(Dataset entries begins)
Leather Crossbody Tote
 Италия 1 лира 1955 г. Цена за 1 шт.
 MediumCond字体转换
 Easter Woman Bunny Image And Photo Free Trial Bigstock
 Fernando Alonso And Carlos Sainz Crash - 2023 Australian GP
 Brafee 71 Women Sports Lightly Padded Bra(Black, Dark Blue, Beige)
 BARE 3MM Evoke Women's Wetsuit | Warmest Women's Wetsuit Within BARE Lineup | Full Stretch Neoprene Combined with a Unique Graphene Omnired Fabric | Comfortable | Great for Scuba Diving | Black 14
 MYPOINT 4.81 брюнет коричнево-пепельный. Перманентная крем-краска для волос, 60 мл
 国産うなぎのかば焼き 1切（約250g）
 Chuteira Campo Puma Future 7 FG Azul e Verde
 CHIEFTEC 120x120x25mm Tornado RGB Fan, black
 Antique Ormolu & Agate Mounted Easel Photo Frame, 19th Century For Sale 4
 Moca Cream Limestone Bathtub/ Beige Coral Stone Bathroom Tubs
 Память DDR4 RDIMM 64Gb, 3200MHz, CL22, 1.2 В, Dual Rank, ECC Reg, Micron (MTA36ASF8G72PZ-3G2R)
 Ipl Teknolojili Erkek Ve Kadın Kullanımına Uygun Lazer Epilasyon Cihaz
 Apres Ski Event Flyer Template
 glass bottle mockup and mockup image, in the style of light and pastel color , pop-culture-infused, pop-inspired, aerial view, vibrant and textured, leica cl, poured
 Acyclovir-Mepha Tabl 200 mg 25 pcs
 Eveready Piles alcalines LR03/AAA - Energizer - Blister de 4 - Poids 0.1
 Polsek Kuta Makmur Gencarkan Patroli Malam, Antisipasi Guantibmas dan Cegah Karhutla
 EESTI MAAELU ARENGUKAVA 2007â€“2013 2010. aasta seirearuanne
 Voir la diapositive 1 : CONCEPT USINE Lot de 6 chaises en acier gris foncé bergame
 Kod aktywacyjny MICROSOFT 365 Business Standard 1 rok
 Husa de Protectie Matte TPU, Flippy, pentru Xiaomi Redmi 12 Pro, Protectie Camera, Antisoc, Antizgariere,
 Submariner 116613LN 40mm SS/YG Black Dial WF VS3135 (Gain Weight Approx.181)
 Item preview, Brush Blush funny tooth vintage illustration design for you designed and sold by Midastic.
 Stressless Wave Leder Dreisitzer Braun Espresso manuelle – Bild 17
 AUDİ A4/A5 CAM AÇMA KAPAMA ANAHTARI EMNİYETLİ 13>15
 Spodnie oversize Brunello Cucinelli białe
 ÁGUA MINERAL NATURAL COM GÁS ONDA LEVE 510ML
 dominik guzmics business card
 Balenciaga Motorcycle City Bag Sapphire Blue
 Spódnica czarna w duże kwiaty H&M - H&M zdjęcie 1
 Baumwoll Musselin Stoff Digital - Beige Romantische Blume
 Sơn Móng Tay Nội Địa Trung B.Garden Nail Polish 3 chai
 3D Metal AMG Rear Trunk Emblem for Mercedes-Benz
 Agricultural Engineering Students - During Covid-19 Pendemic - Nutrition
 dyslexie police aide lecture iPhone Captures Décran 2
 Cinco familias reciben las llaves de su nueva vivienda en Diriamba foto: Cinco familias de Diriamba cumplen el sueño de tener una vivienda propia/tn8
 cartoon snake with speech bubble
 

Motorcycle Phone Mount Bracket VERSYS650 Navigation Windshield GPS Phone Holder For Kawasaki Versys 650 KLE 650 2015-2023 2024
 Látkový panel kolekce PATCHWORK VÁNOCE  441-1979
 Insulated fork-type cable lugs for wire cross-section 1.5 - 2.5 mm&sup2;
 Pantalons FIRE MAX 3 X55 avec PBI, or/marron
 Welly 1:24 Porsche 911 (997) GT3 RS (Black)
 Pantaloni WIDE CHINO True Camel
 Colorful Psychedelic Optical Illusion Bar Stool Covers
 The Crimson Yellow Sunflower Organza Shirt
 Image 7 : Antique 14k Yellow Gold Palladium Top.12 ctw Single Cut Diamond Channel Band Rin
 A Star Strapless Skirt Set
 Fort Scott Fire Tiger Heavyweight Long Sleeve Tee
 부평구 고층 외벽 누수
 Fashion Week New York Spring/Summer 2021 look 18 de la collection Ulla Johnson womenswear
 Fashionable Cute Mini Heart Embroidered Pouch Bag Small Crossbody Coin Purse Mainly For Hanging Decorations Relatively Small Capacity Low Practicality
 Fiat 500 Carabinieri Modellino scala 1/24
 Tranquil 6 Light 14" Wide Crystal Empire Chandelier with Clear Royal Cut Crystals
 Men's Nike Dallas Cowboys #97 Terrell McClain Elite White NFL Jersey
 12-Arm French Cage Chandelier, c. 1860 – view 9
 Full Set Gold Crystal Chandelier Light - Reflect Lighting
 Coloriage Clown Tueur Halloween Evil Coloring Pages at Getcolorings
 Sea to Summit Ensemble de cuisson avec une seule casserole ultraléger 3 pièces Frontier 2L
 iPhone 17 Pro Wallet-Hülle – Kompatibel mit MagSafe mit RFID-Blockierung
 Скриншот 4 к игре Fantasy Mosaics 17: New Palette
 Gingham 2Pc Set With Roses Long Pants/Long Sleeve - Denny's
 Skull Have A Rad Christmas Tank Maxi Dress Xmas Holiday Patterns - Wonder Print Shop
(Dataset entries ends)
Required work:
Nothing but the lines from the one that contains "Men's Nike Dallas" to the end of the listing should be given again, each exactly as it appears.

Solution for this exercise:
 Men's Nike Dallas Cowboys #97 Terrell McClain Elite White NFL Jersey
 12-Arm French Cage Chandelier, c. 1860 – view 9
 Full Set Gold Crystal Chandelier Light - Reflect Lighting
 Coloriage Clown Tueur Halloween Evil Coloring Pages at Getcolorings
 Sea to Summit Ensemble de cuisson avec une seule casserole ultraléger 3 pièces Frontier 2L
 iPhone 17 Pro Wallet-Hülle – Kompatibel mit MagSafe mit RFID-Blockierung
 Скриншот 4 к игре Fantasy Mosaics 17: New Palette
 Gingham 2Pc Set With Roses Long Pants/Long Sleeve - Denny's
 Skull Have A Rad Christmas Tank Maxi Dress Xmas Holiday Patterns - Wonder Print Shop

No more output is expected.